When it comes to telecommunication carriers delivering network services, there has never been a more transformative time. Every provider of a network service is, to one degree or another, recrafting its entire IT infrastructure environment to achieve increased agility and higher scalability at a much lower total cost. What each may find: The strategic use of chips – specifically, NFV coprocessors – will be key to success.
At the core of most NFV efforts is a shift away from physical network appliances. Originally deployed more or less as “router helpers,” the network appliances installed today offload everything from security to load balancing. The trouble is they also introduce additional network hops that impair overall application performance. In addition, each appliance has to be configured and managed, which makes it difficult to scale the overall IT environment with any alacrity.
To address that issue, processor vendors such as Intel have been making an aggressive case of replacing all those appliances by moving more functions back in to multicore processors. The argument is, not only that multicore processors are capable of better handling all those functions at a lower cost, but all the network hops between various appliances are eliminated.
While that sounds reasonable enough, this could be an oversimplification of what will actually occur inside those networking environments. While many network functions will move to x86 processors, coprocessors will be key to NFV success – by handling certain functions in parallel. These NFV coprocessors will be attached directly to servers. The challenge providers of NFV software will face is making sure their offerings are tuned to logically invoke the core x86 processor as well as complementary coprocessors.
Inside the NFV Coprocessor Story
Sujal Das, chief strategy and marketing officer at Netronome Systems, says that functions that will be better handled by coprocessors include network packet processing and the processing of distributed firewall security and object-based storage. This trend is in line with coprocessors being employed to offload the gamut of other functions like machine learning and scientific computing from general-purpose x86 processors to field-programmable gate arrays (FPGAs) and even graphic processing units (GPUs).
A Brave New World for NFV Coprocessors
Kevin Deierling, vice president of marketing for Mellanox, says the Innova IPsec adapter makes use of FPGAs to run an instance of Open vSwitch that processes network and security functions.
“In the future you’ll see a lot more encryption and firewalls being offloaded to a coprocessor,” says Deierling.

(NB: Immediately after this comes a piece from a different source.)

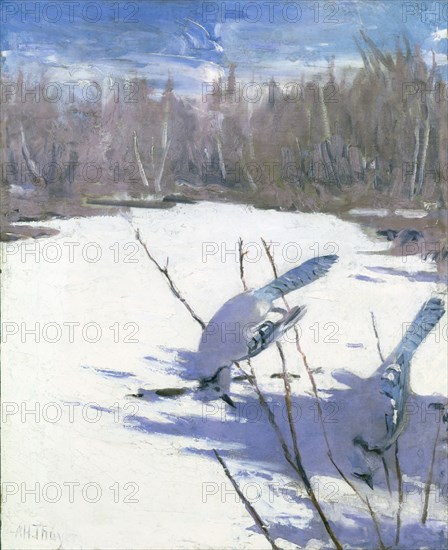 Blue Jays in Winter, study for book Concealing Coloration in the Animal Kingdom, ca. 1905-1909.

Naturally, it will take a long while for this brave new world of networking to come together now and into the 5G networking future. Most carriers are not expected to make next-generation networking services generally available until the end of the decade. But the one thing that is clear is that, while x86 servers may be at the center of that 5G networking universe, the concept of an appliance has not been eliminated altogether. In its place will be a small army of coprocessors that assume the same functions. The only difference: That coprocessor is going to be plugged directly into the server rather than being a network hop away.